I bet you’re as horrified by the idea as I was. Sometimes I play more games than that in a month. Sometimes even within a single weekend. Committing to just five games for an entire year just isn’t something I’m ready for. Still, as a thought experiment — what would I pick? The Gaming Diaries picked some pretty solid choices I thought, with more options in the comments. But I didn’t want to rush this decision. I needed time to think.

The Rules

The initial tweet didn’t really outline too much in the way of specifics around what was going on here to require such a life-altering course of action as limiting yourself to just five games for a year. There didn’t seem to be any sort of Internet drought or desert island with a single gaming device type thing going on. Rather the suggestion was that you might, ‘get decked or something’. Wait… Is that all? OK… I’m going to up the stakes a bit.
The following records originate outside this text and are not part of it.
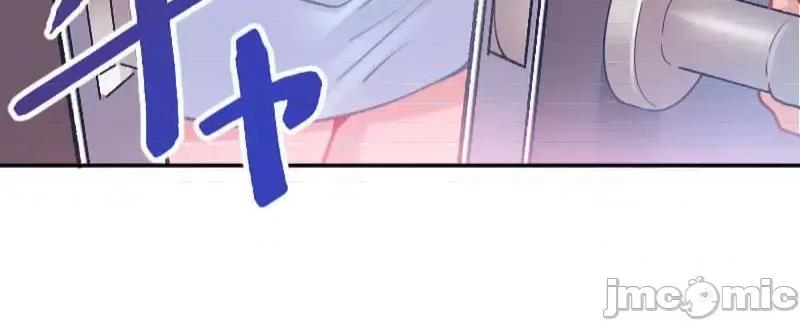 噗啾!!瘦身计画 噗啾!!瘦身计画 ずっぷん！！5 第48页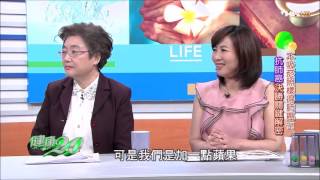 健康2.0_防癌抗癌【田園濃湯】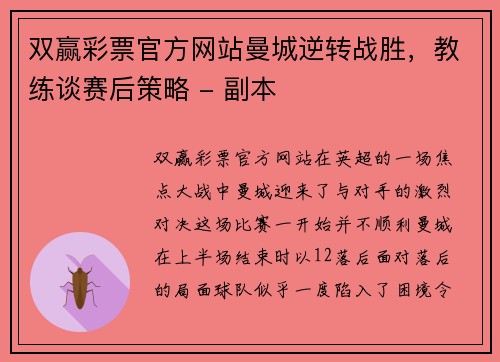 双赢彩票官方网站曼城逆转战胜，教练谈赛后策略 - 副本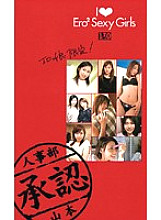 UM-208 DVD Cover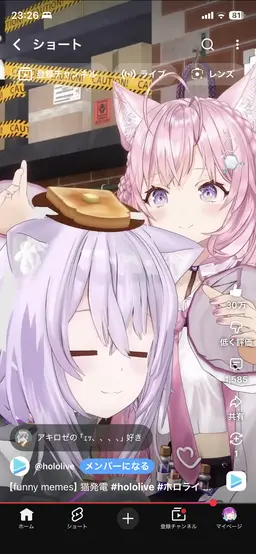Profile image of 猫又おかゆ
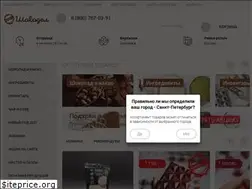 Sites similar to chocodel.com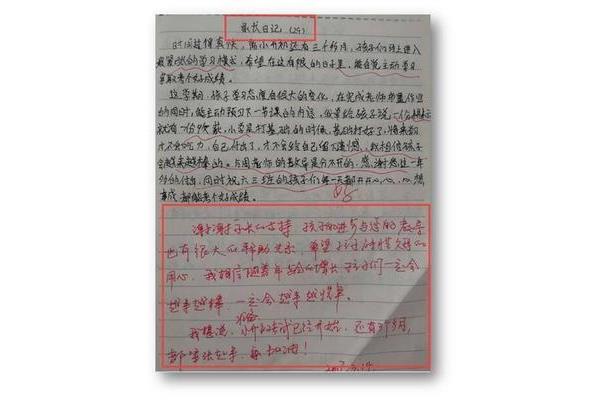 狂人日记好词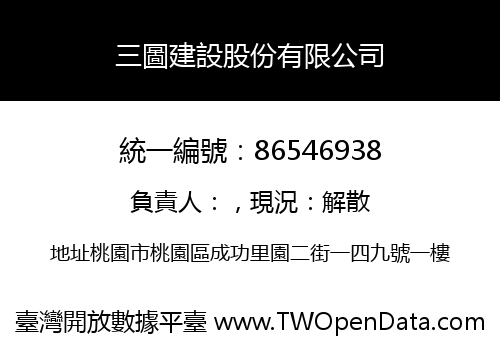 三圖建設股份有限公司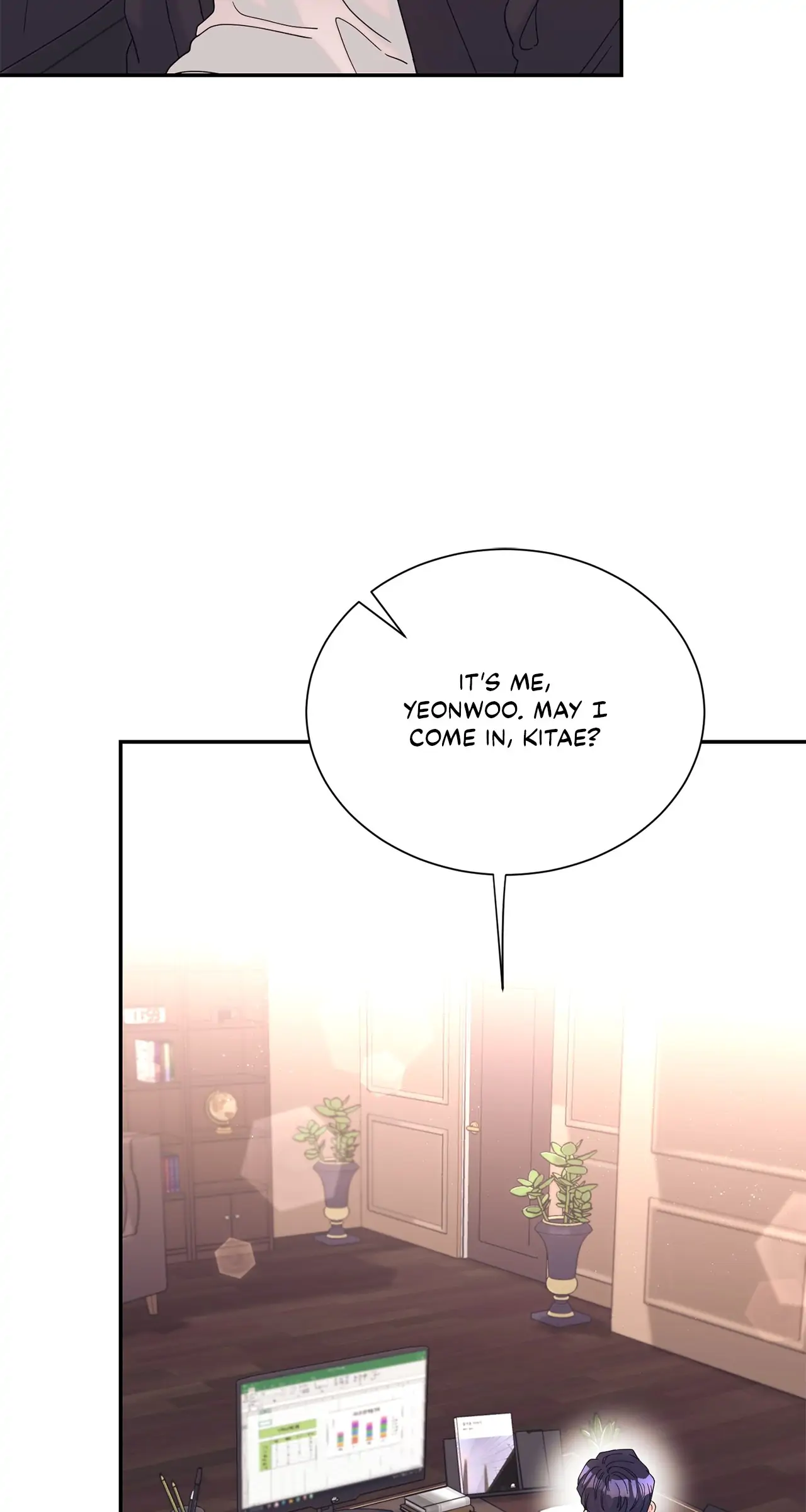 Fake Wife Chapter 24 - Page 2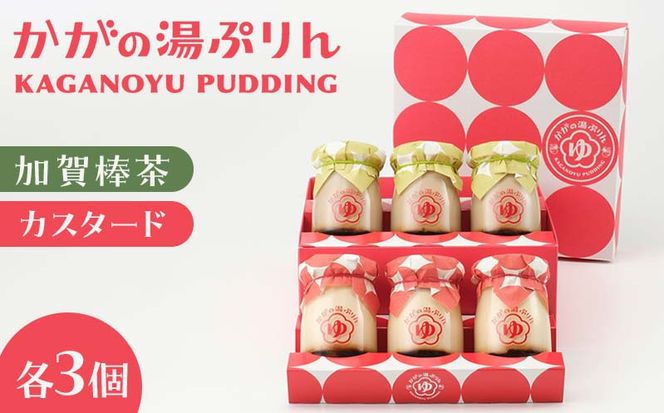 かがの湯ぷりんカスタードぷりん×3個加賀棒茶ぷりん×3個 F6P-0064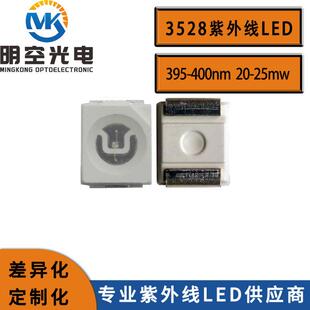 UV灯珠3528紫光LED395-400nm3528UVA395nm专业紫外线LED供应商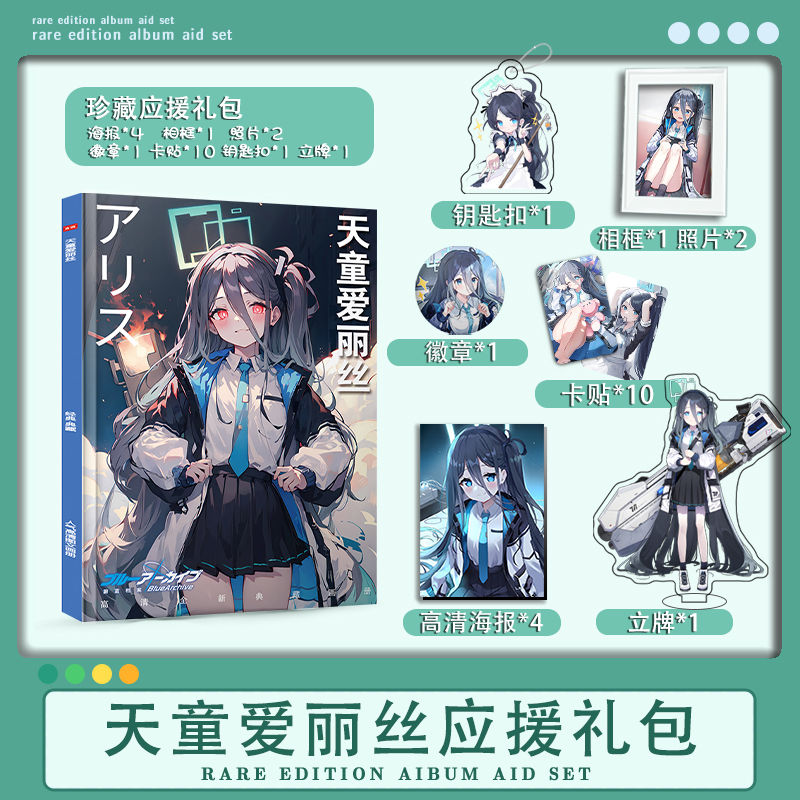 蔚蓝档案天童爱丽丝个人周边写真画册钥匙扣立牌海报卡贴卡册徽章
Rules for this exercise in my head are:

  1. The consequence for playing a 6th title?
    Playing anything outside of your pre-selected five titles will result in any gaming device you touch spontaneously combusting. (Ooooh, Spooky! Halloween ya’ll!)
  2. Selections aren’t limited to a single platform
    So if you wish to select some Switch titles, some PC, some PS4 etc — this is OK.
  3. All DLC for a given game is fine and included within your pick
    As the original tweet, all DLC for a game included. I will further specify, that this could be unreleased DLC at the time of making your selection.
  4. Mods (even Total Conversions) are also OK
    But they can’t rely on the assets of a game you haven’t selected to work. (e.g., The Skyrim TCs for Morrowind and Oblivion require the original assets.)
  5. For a series of games, each entry is an individual selection.
    If you want Dark Souls I, II and III — that’s three of your five picks.

Five rules for five picks sounds good, so I’ll leave it there. :)

My Five Games

Getting a broad spectrum of genre coverage is important to me. I would probably still consider RPGs to be my main love but I couldn’t live on an exclusive diet of them for an entire year.
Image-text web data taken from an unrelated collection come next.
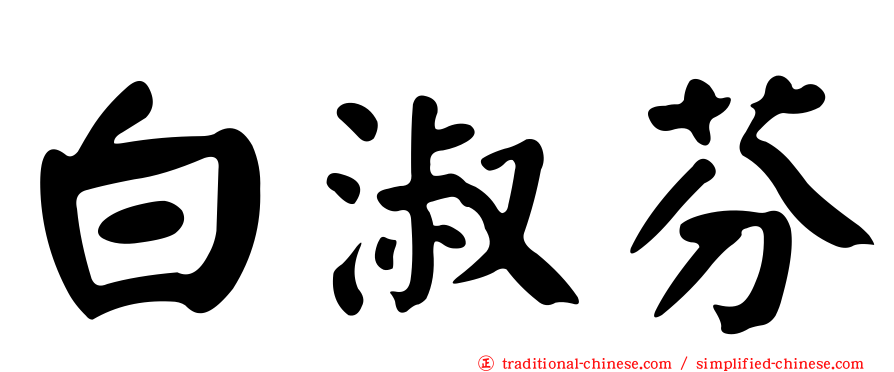 白淑芬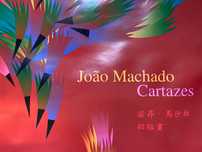 Cartazes João Machado e Vítor Marreiros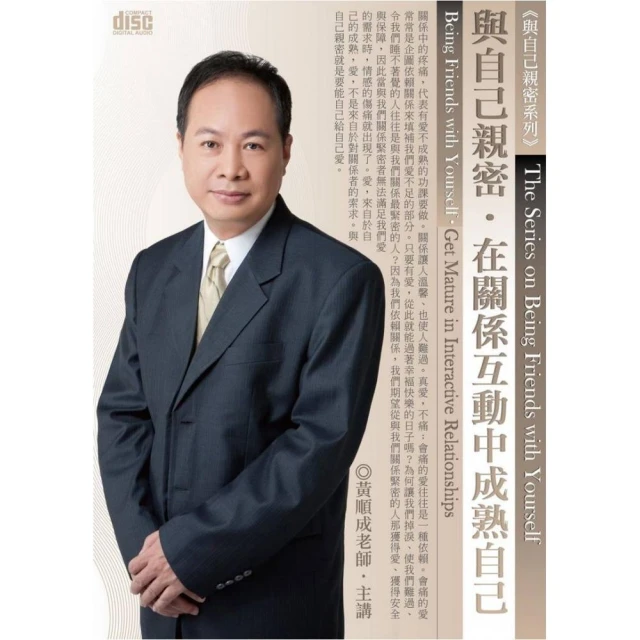 在親密關係中活出最好的生命：給基督徒夫妻的「抱緊我」對話【金石堂】 歷史價格詳細信息
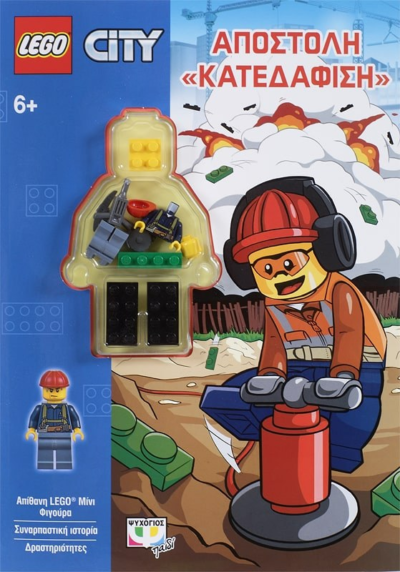 LEGO CITY: ΑΠΟΣΤΟΛΗ "ΚΑΤΕΔΑΦΙΣΗ"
I like city builders. Tycoon games. Shooters. Turn-based strategy titles. Space sims. Rogue-likes. Heck, even the odd collectable card-style game. Although that last one probably isn’t going to make the cut for representation in this list.

My list needs to cater to quite an array of genres and playstyles to cover me for a year. So with that in mind — let’s go!

XCOM 2

Honestly, even if I hadn’t just recently started playing again — XCOM 2 would have almost assuredly held a spot on this list. It has held a firm spot on my favourites list since shortly after it came out — superseding XCOM: Enemy Unknown which held a spot prior.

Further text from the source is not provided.